The eight-day Biblical festival of Pesach (Hebrew for Passover) begins this Wednesday night (Exodus 12). It is the central family event in Judaism, the Seder that Orthodox Jews outside Israel mark on the first two nights of Passover. (In Israel it is only one night.) The family gather around the dining room table, with their best tableware — no, let’s not call it “chinaware” — their best crystal, their finest flatware, their finest tablecloths and napkins, and they begin the Seder. The word “Seder” means “the Order [of things],” and it is called that because 14 specific rituals ensue, each according to its seder, its proper order.

The Seder begins with Kadesh, the reciting of a prayer over a cup of wine, giving thanks to G-d Almig-ty for having delivered us from Egyptian slavery and persecution. An additional prayer, with extra meaning this coronavirus year, thanks G-d for having sustained us alive to this moment. We then sit and drink the majority of the wine while leaning physically to the left in the manner of free people in Roman times when these traditions were formalized. That is, no need to sit stiffly upright, but symbolically to relax. Some even set up a pillow as an extra seat cushion for the Seder. The wine ideally is of a red varietal because that color seems richer, fuller bodied. For those who cannot drink wine, red or purple grape juice is substituted. The glass capacity is at least 3.3 ounces of liquid and is filled to the brim; one should drink at least half that cup. The numbers will add up because there are four cups, so if using a cup that hold 3.3 ounces, one will drink seven ounces or so over the night. If using eight-ounce glasses, it will be a bunch more.
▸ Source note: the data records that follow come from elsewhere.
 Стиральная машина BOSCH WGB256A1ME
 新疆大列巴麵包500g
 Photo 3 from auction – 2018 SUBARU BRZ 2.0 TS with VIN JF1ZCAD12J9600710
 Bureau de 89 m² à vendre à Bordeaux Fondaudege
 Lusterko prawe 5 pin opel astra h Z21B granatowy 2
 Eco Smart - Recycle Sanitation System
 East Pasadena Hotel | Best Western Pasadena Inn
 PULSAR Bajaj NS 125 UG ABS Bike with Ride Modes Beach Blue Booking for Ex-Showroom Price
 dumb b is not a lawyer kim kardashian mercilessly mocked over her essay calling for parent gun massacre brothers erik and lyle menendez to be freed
Practical experience teaches that it is best to drink dry wine, not the Manischewitz syrupy stuff, because lots of sugary wine on an empty stomach never works out well an hour later. By contrast, the dry stuff does not catch up until you are asleep.
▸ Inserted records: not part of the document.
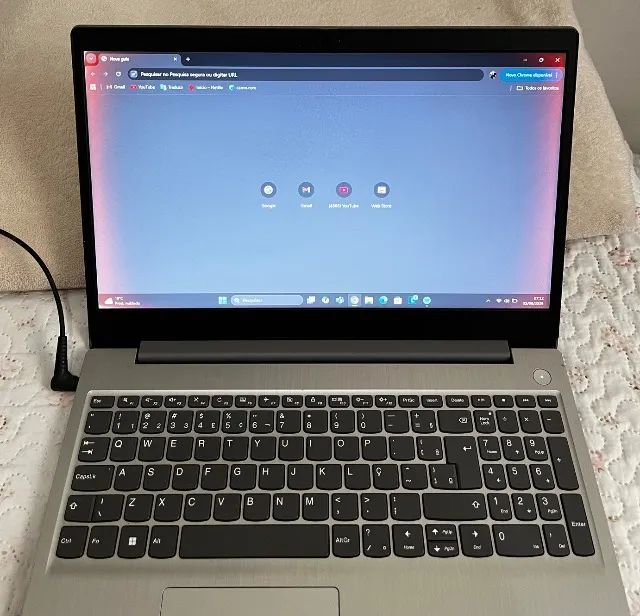 Notebook Lenovo IdeaPad 3 - Foto 3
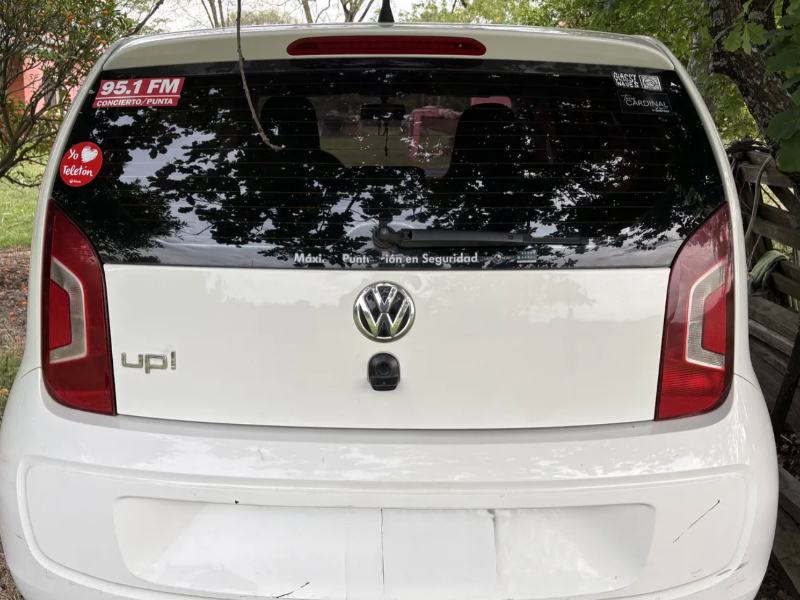 venta de Volkswagen Up usado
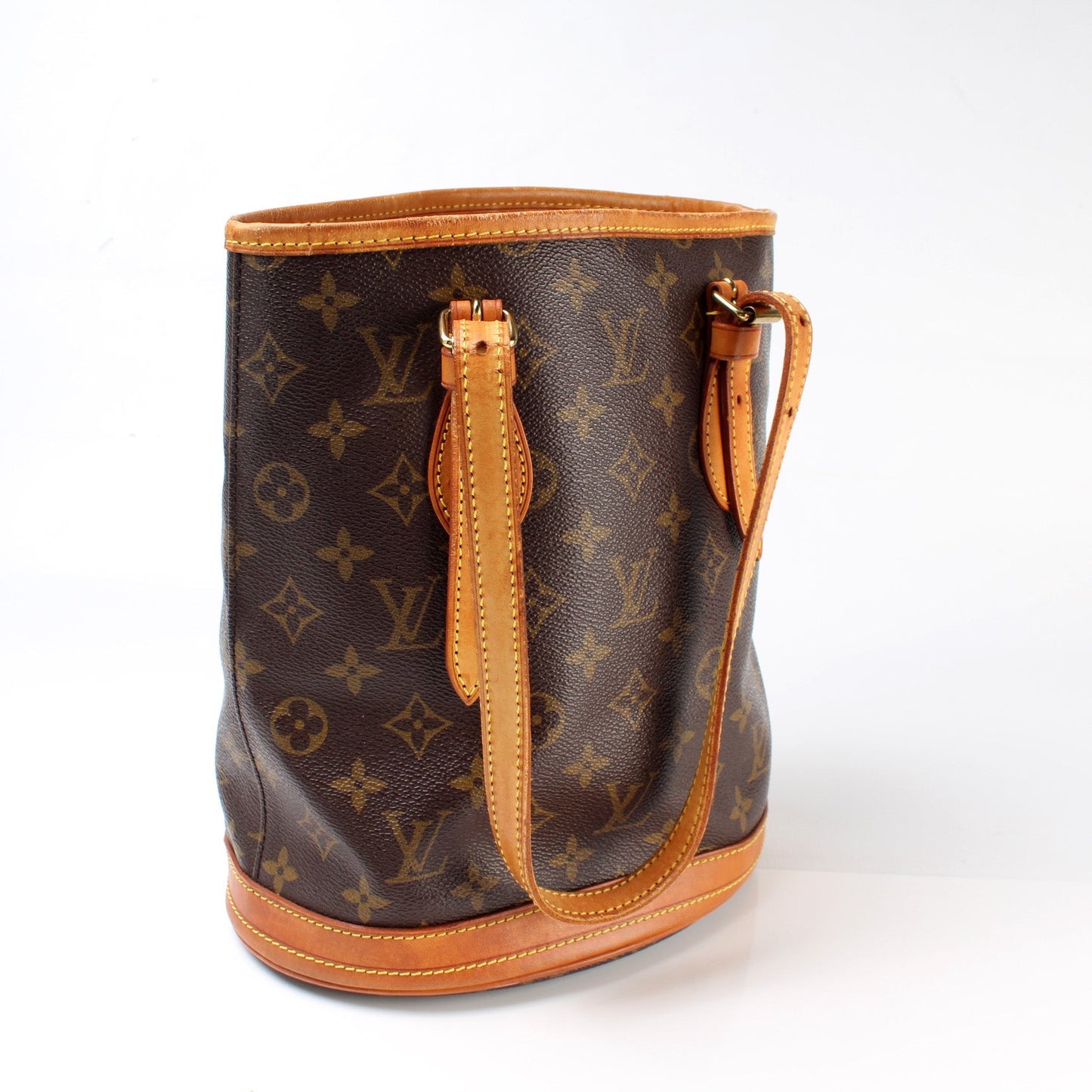 Louis Vuitton Bucket PM Monogram Bucket Bag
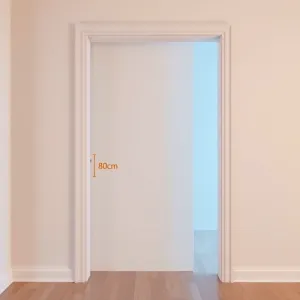 Jaki rozmiar drzwi wewnętrznych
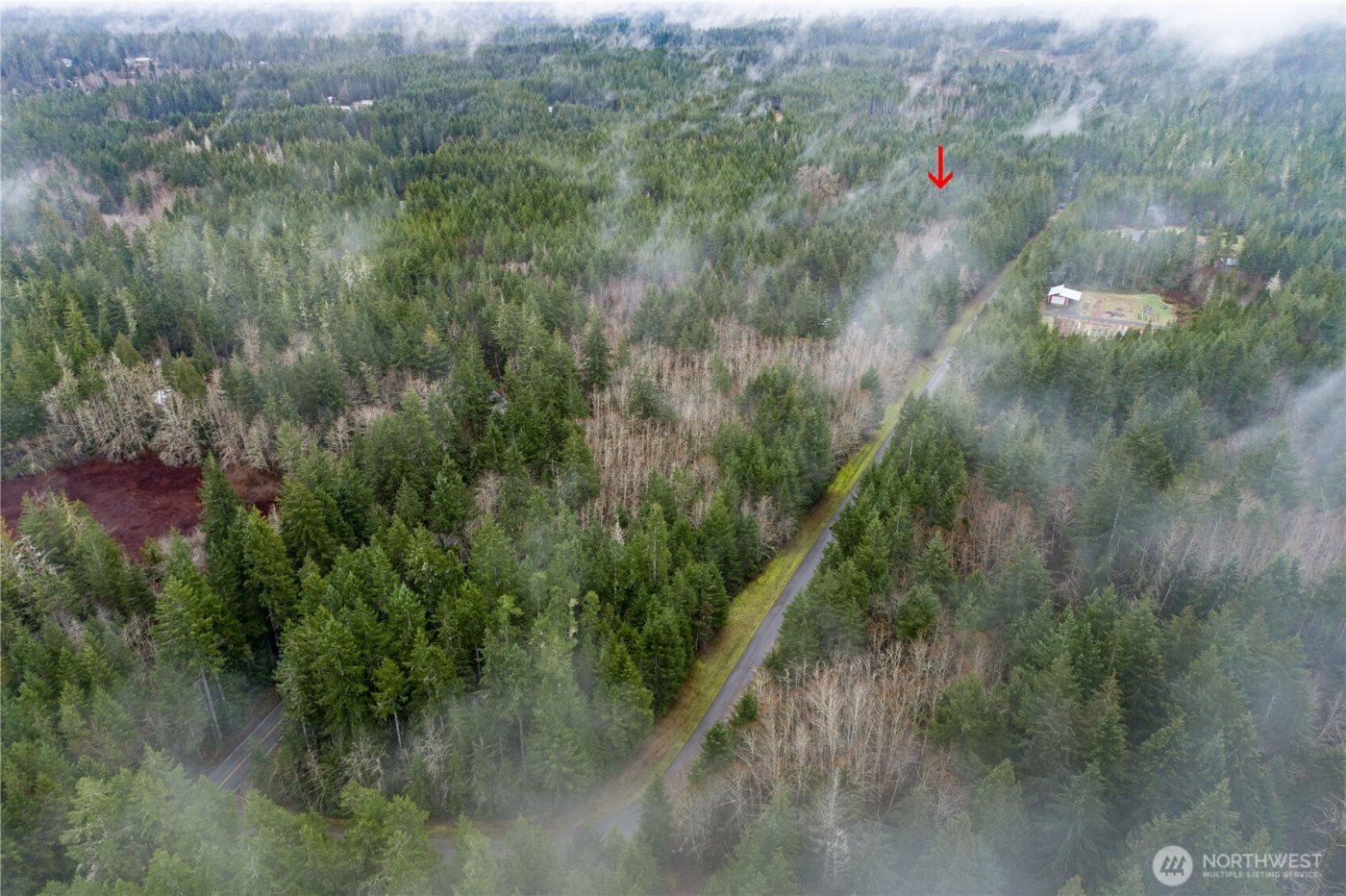 0 Greenberg Lane , Belfair, WA 98528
We next arise and ritually wash our hands. This is Step Two of the Order: U-r’chatz. Jewish law, dating back thousands of years, long before contemporary science caught up, requires washing hands before eating foods that entail hand-dipping. We return to our seats and take a small piece of a green vegetable — usually parsley or celery — and dip it into salt water. The green vegetable represents the onset of spring. The salt water represents the bitter tears of slavery. This was Step Three of the Order, the Seder: Karpas.